Could anyone help me!? I would like to order a top quality line in the 20 lbs and at least 300 yards. I was thinking in braid but which one is the best in the market? and any idea where an I order for a fast delivery?

I would appreciate your help!!!

Thank you folks!!

Regards,

Juan


----------



## avayak (May 23, 2007)

Hi Juan where ya been?
Nitlon PE braid in yellow is a very durable line that lasts seasons.
Quite thin and supple. Tasline from NZ is recommended by people who use it.


----------



## jtugores (Nov 2, 2009)

Hi mate!!

Very good!! I am getting ready for this season. I am trying to upgrade my yak. I just bought a Go Pro so I will be sending some videos soon!!! 

Thanks for your help!! I will be waiting for more replies to have a clear idea of what could be better for my reel. Do you have any good website where I can purchase that Nitlon PE braid in yellow? I will be checking that Powerpro too.. Have you heart about that one?

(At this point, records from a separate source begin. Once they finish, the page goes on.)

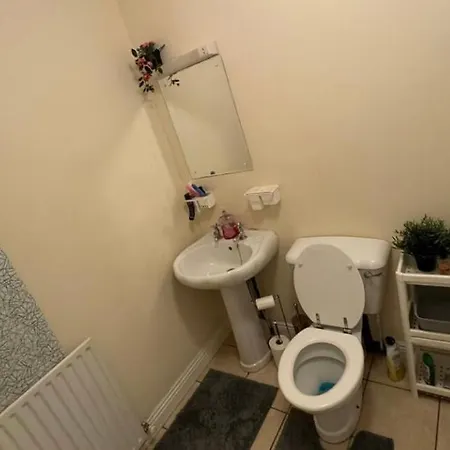 Lovely Bedroom In Newbridge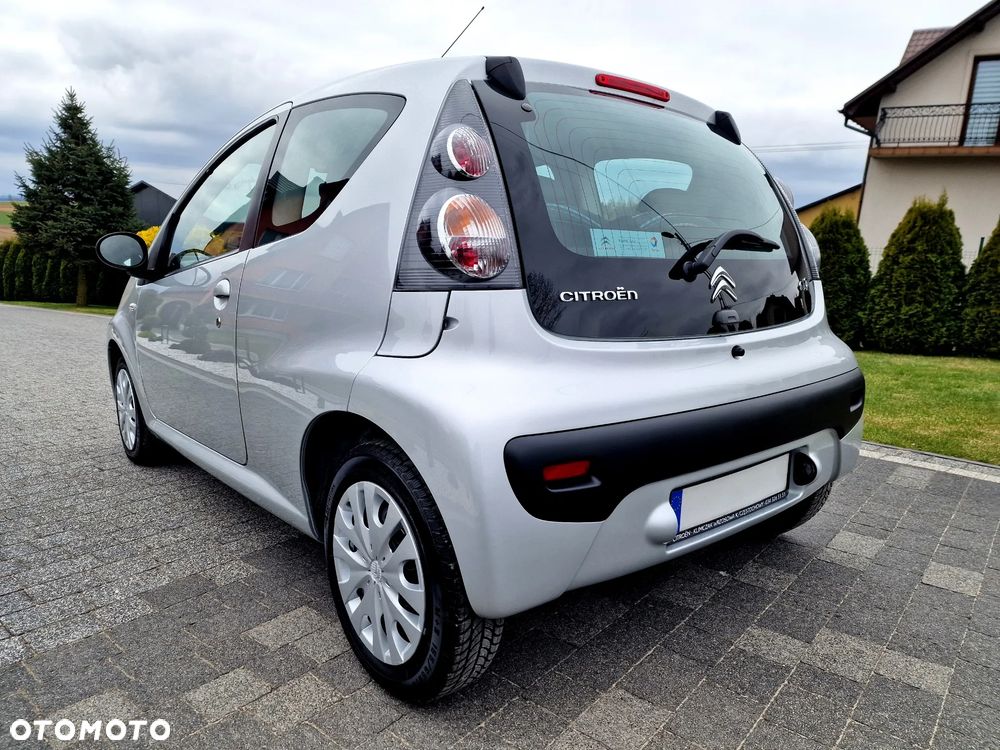 Citroën C1 1.0i Attraction - 14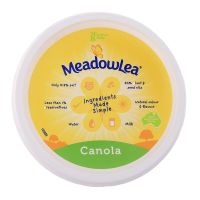 ส่งไว Meadow Lea Natural Canola&amp;Vegetable Oil Spread 250g.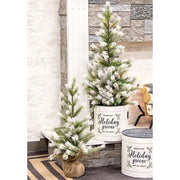 Frost Fade Pine Tree - 3ft
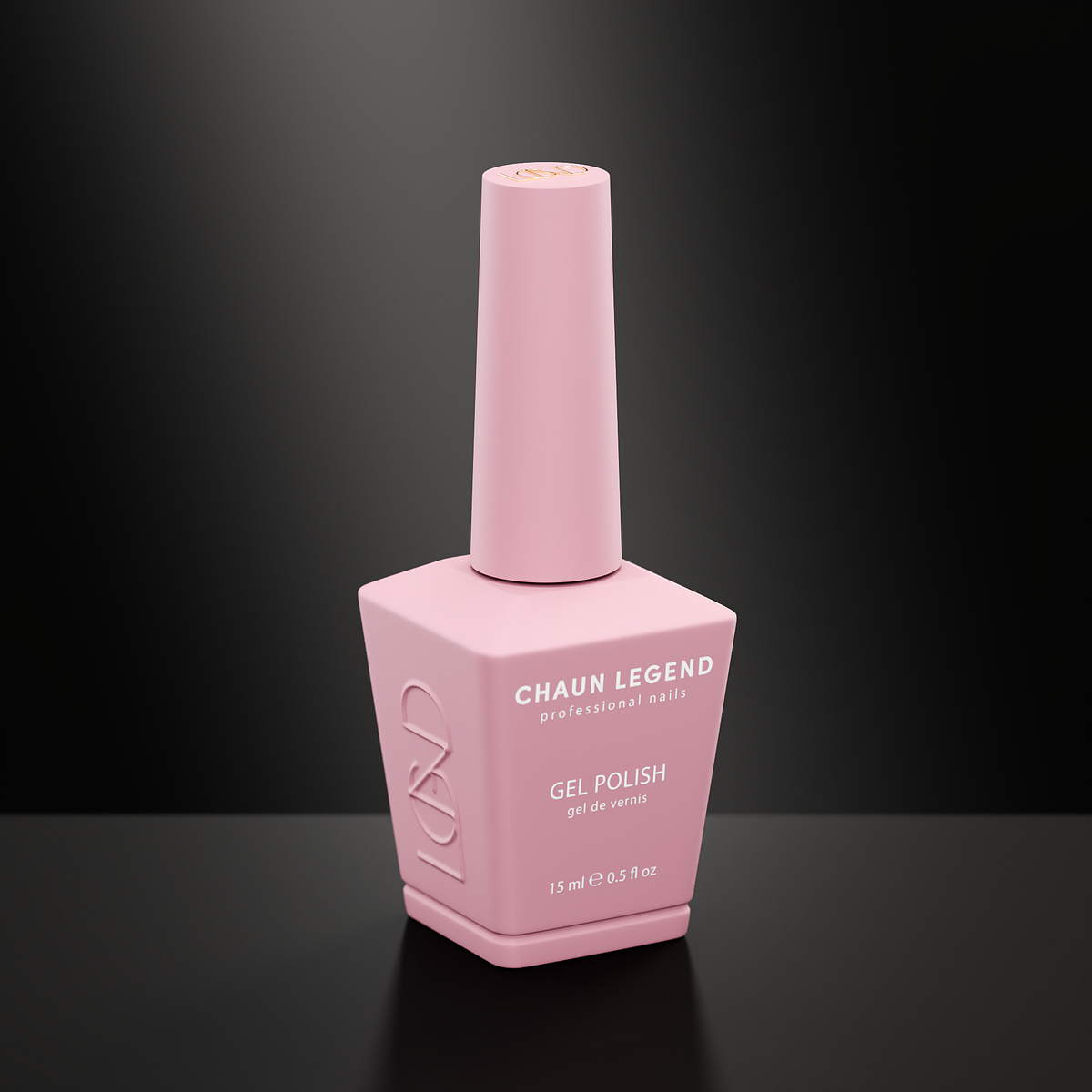 Chaun Legend LG5036 You're Cute bottle and color swatch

Appreciate your help guys!!!


----------



## avayak (May 23, 2007)

Hi Juan, I got the Nitlon from Otto's Tackleworld Drummoyne. Ring first to check stock.


----------



## jtugores (Nov 2, 2009)

cheers guys!!

I just purchased it from OTTOS!!

Cool!!


----------



## intrepid (Oct 23, 2012)

jtugores said:


> I would like to order a top quality line in the 20 lbs and at least 300 yards. I was thinking in braid but which one is the best in the market?


you havent told us enough really?

what line are you using now that gets knots?

how tight is it on the spool?

what braid to leader knot are you using?

what rod and reel combo?

what condition are your guides in?

what condition is your line roller in?

there is no point putting the "best line in the world" on your spool if you have fundamental defects in your equipment/technique...


----------



## lightly (Oct 25, 2012)

I've used Nitlon Pe on 4 spools It's great stuff but pricy, I've got friends with no problem with tasline as well.
My 3 favorite braids are
Nitlon Pe. Worth the price with no wind knots or unexpected breakages.
Daiwa SW 8 braid. best braid I've used on my mate set up but a bit expensive for me/
Power pro. Good cheap stuff


----------



## BIGKEV (Aug 18, 2007)

> what would be the best fishing line in your view?


Do you come here often?


----------



## Dkay (Dec 20, 2010)

It would be the one that has a fish connected to the business end :lol:

DK


----------